Aim of the task
Would you please copy only the lines from the line that contains "Vintage 1983 80s" to the end of the data below, exactly, leaving every picture out?

══════════

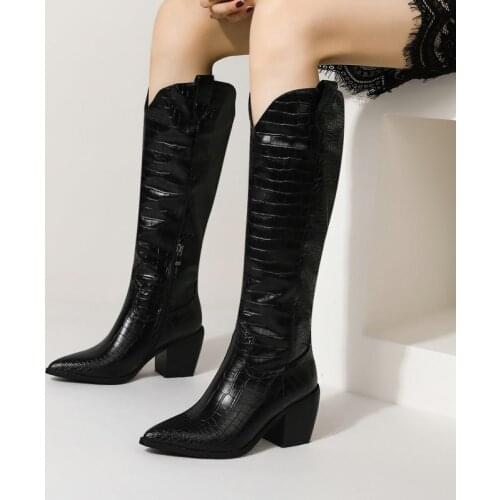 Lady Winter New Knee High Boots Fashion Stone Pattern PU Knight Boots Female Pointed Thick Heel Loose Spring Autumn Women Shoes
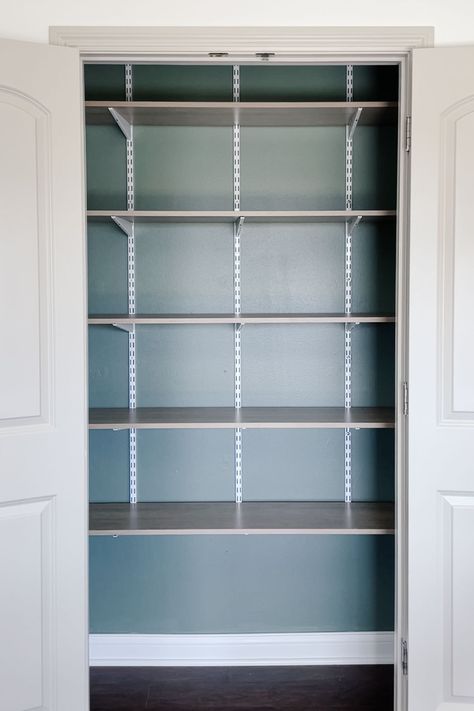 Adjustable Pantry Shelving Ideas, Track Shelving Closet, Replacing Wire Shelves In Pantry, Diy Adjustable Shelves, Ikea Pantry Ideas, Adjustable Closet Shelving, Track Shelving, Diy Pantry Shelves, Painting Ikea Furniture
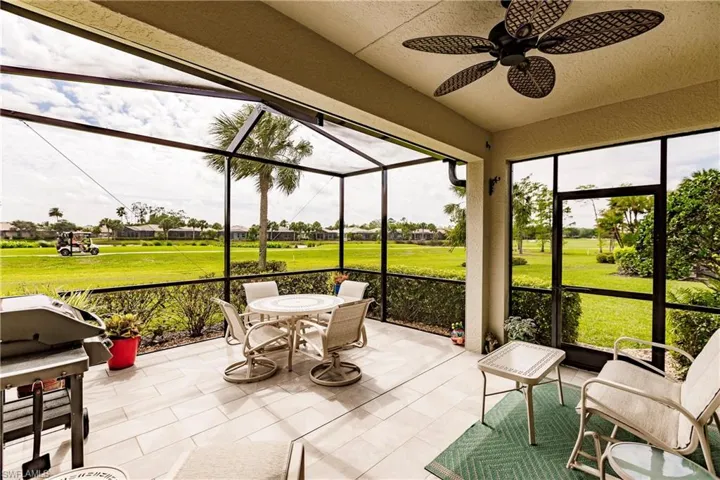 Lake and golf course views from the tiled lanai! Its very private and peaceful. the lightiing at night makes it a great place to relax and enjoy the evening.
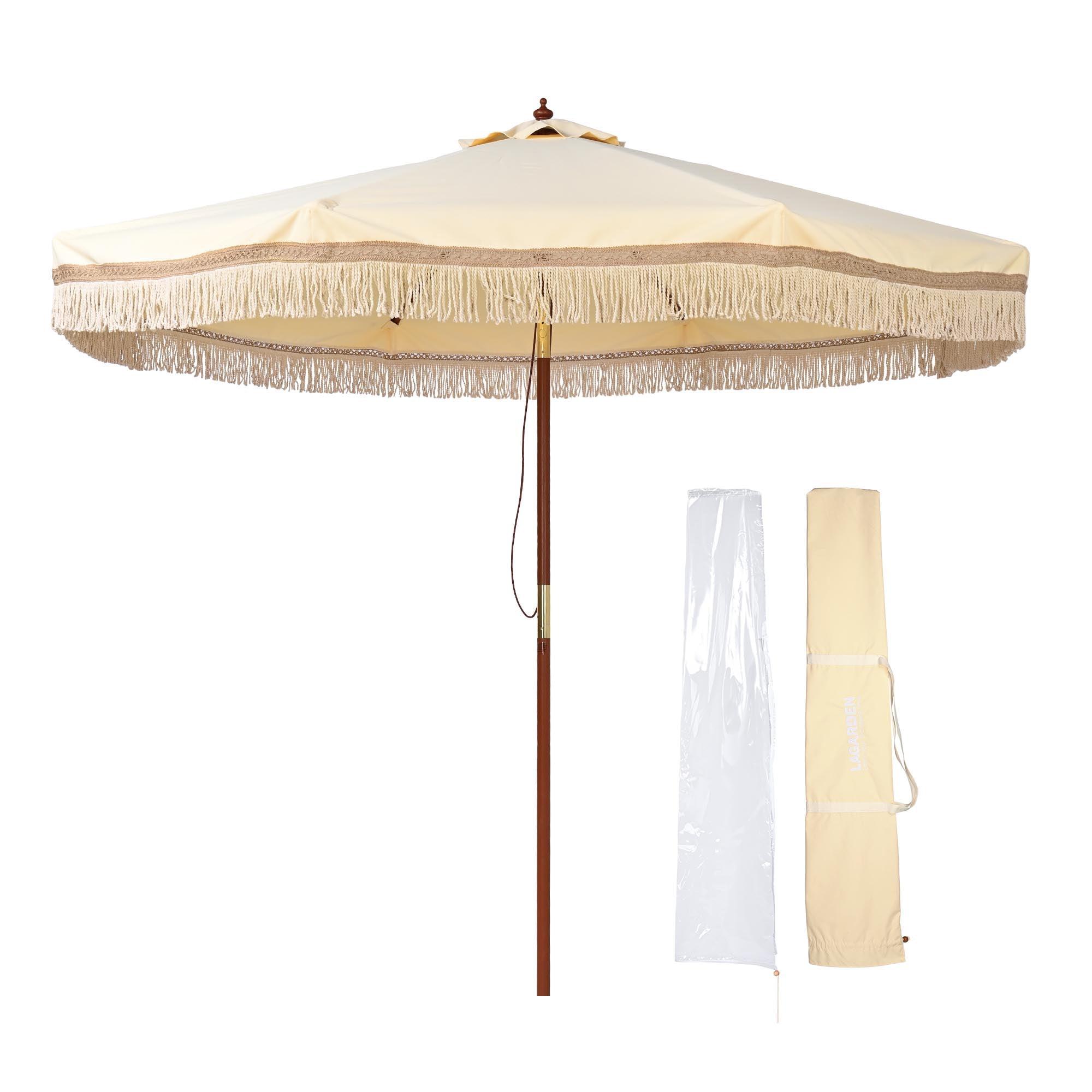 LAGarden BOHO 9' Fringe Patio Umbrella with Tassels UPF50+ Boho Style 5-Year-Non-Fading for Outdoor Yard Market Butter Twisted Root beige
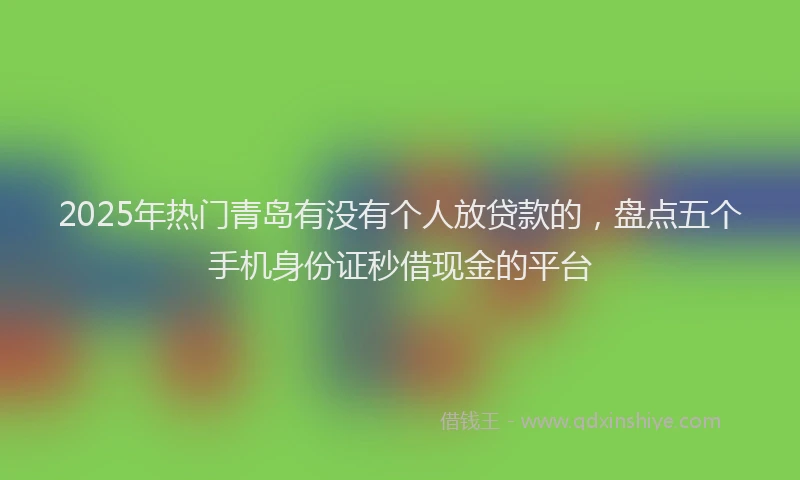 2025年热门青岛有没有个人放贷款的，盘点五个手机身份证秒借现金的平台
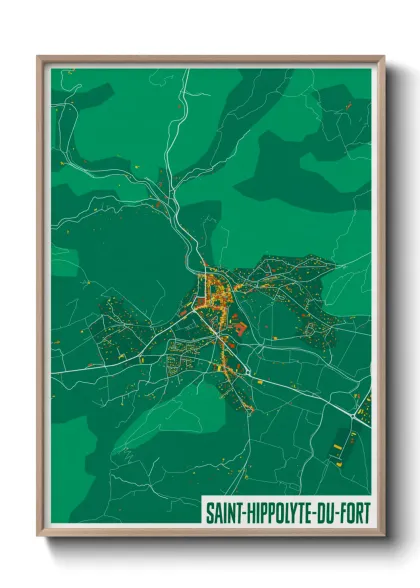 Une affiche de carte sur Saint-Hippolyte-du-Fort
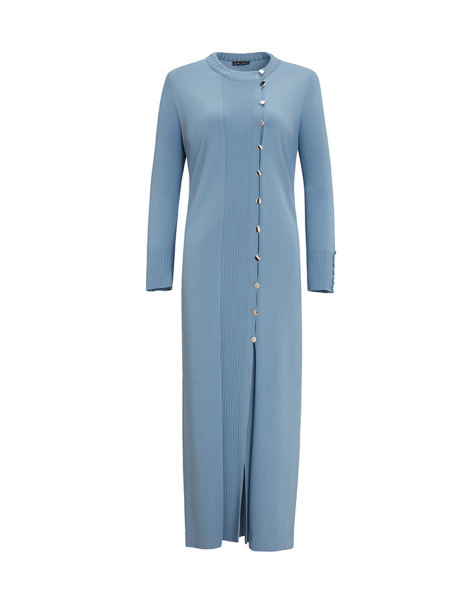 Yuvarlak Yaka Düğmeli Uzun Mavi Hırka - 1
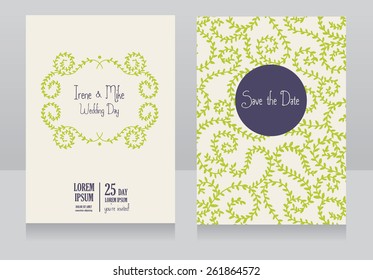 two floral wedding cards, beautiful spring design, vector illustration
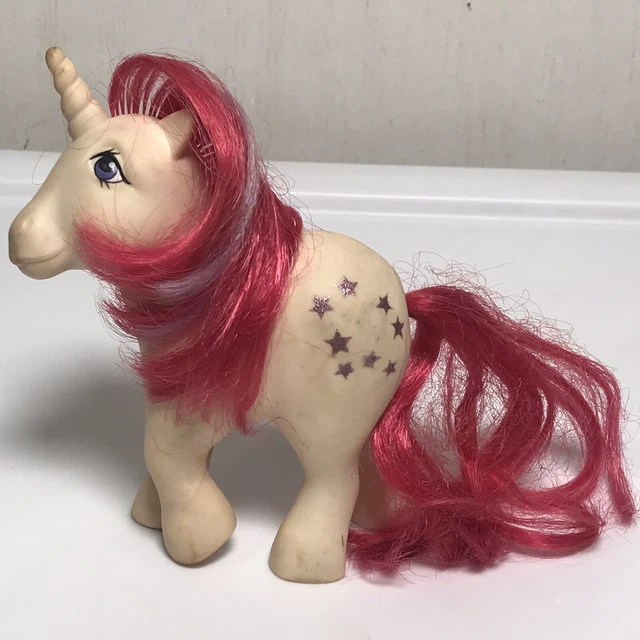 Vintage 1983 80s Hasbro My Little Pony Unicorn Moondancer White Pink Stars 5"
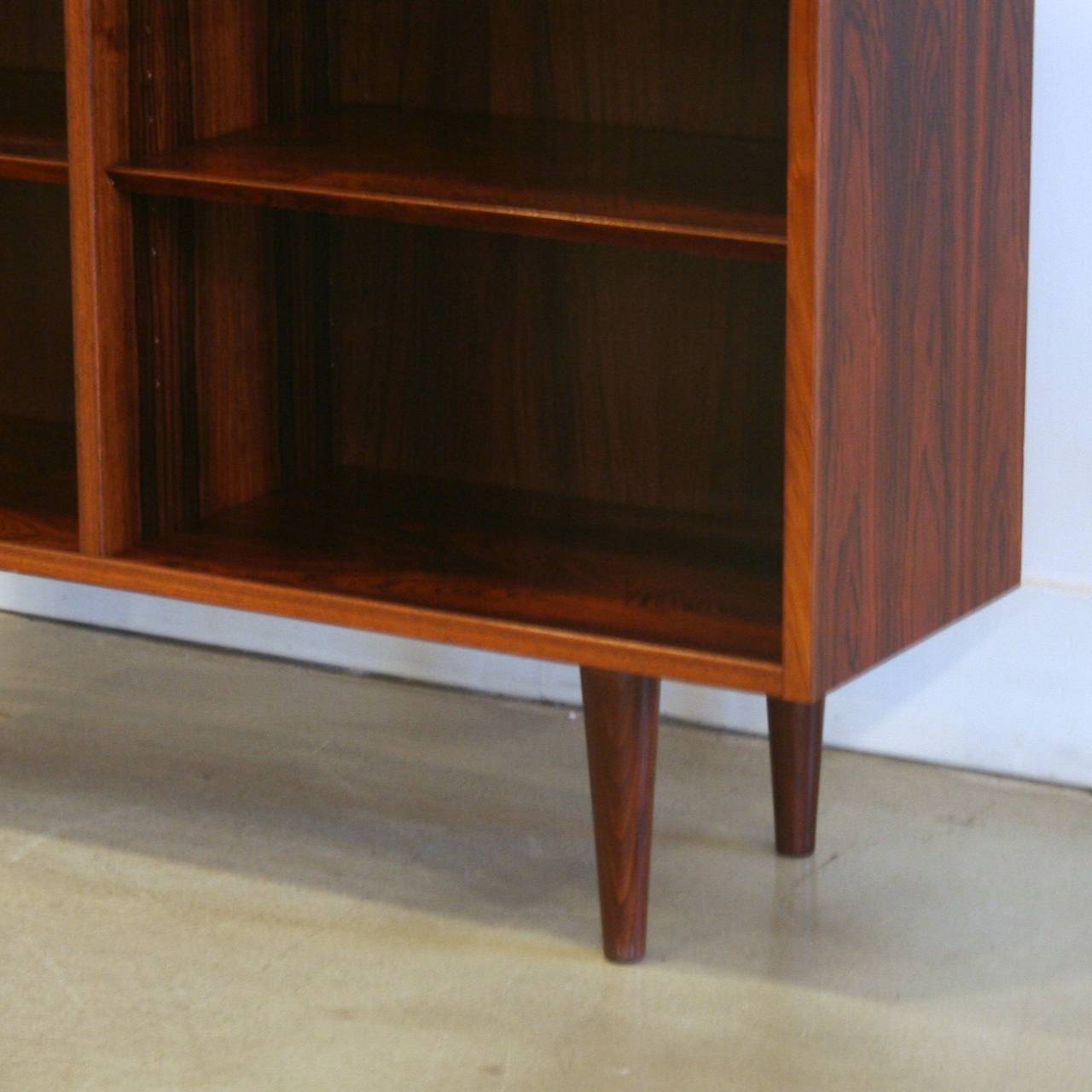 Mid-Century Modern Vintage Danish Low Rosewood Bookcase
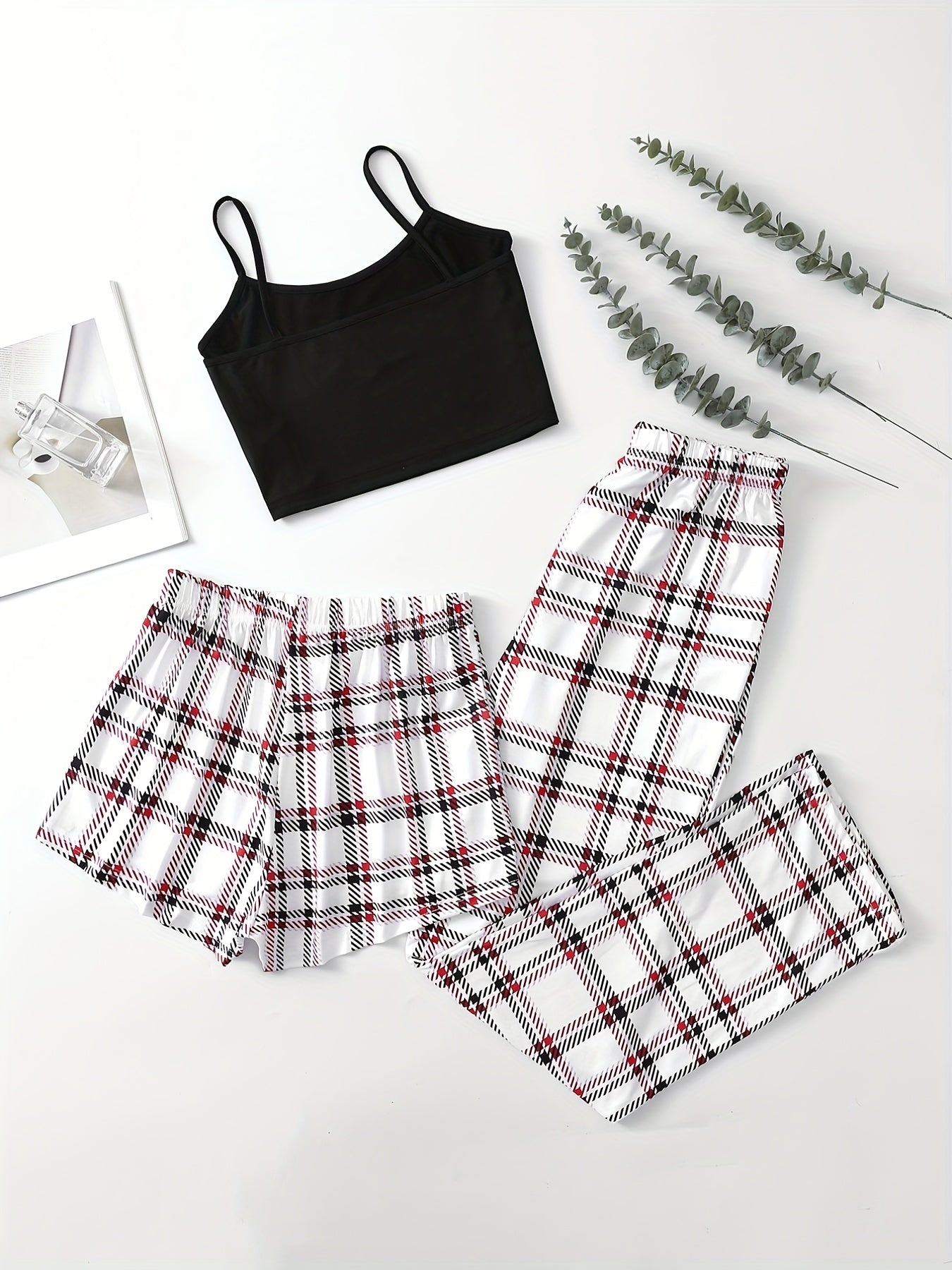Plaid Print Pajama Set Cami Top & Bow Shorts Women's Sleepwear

══════════

Solved problem
 Vintage 1983 80s Hasbro My Little Pony Unicorn Moondancer White Pink Stars 5"
 Mid-Century Modern Vintage Danish Low Rosewood Bookcase
Plaid Print Pajama Set Cami Top & Bow Shorts Women's Sleepwear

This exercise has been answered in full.